Update: The Implications of Friday’s Slide in Stocks

I just wanted to post a quick weekend update now that the market went ahead and did exactly what we didn’t want it to — crash below the key 1114 level for the S&P 500.

In Friday morning’s market update, I talked about how the S&P was likely to test support at its 50-day moving average — around 1114 as of that writing. Sure enough, the market opened mixed and flirted around that level for most of the day — until later in the afternoon when it fell hard, seemingly out of nowhere. The economic fundamentals were decidedly bearish last week thanks to poor bank performance, despite the fact that good earning numbers were solid for most other industries. Still, I’d hoped that we’d see stocks hit the brakes around 1114.

So, what’s the verdict now? Let’s take a look at a chart…

There was no question going into Friday that stocks were getting overbought — we needed a cooldown in momentum to sustain any kind of rally.

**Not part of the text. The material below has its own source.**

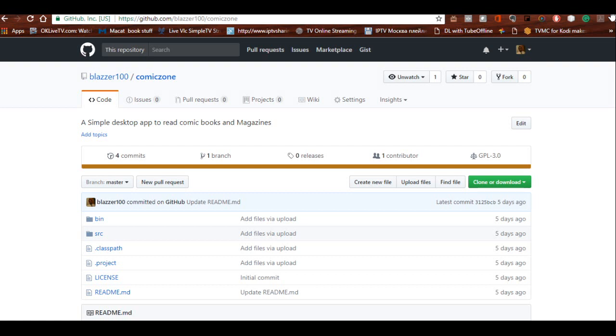Right now you're looking at my GitHub page and one of my repositories which is Comic Zone, a simple comic reading and magazine app that I created for desktop. We're going to use this as an example.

The best case scenario would have been a few point-lower close on Friday right at the 50-day (thin blue line in the chart above), followed by a week or two of sideways movement. Instead, we saw shares tumble hard on Friday right down to uptrending support (dashed blue line).

Luckily for us right now we’ve got a meaningful support level right at 1080 and full stochastics (a measure of momentum) is showing the market not far from being oversold. Those are both good indicators that we’re not headed significantly lower this month. To be sure, the fact that we broke through 1114 so fast isn’t fun, but like quickly ripping off an old band-aid, at least it means that the worst is likely over for now.

And with the worst of the financial stocks’ earnings releases behind us, better numbers next week could fuel price stabilization.

So, all of that said, what does it all mean for new Rhino Stock positions? Obviously we won’t see that bounce off of the 50-day that would send a “buy” signal, so instead, we’re going to have to wait for some sort of definitive support signal. We’ve added enough to our portfolio lately to keep our stock appetites satiated for a while. We’ll stay disciplined and defensive in the mean time.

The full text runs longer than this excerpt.